== Segment start ==

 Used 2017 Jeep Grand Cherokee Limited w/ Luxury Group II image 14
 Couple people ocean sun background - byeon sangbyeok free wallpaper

== Segment end ==
== Segment start ==

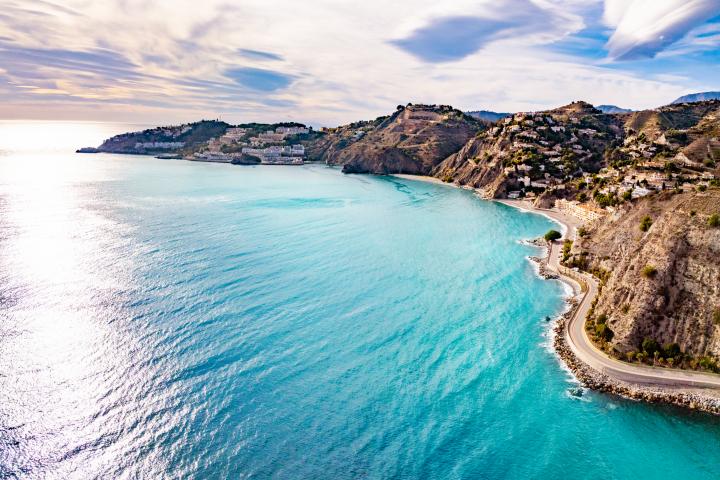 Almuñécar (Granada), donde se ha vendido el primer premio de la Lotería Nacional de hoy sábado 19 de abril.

== Segment end ==

## The problem
Within the listing above, extract exactly the lines from the line with "Used 2017 Jeep" to the line with "Couple people ocean", the two named lines included, and no others.

## Answer to this exercise
 Used 2017 Jeep Grand Cherokee Limited w/ Luxury Group II image 14
 Couple people ocean sun background - byeon sangbyeok free wallpaper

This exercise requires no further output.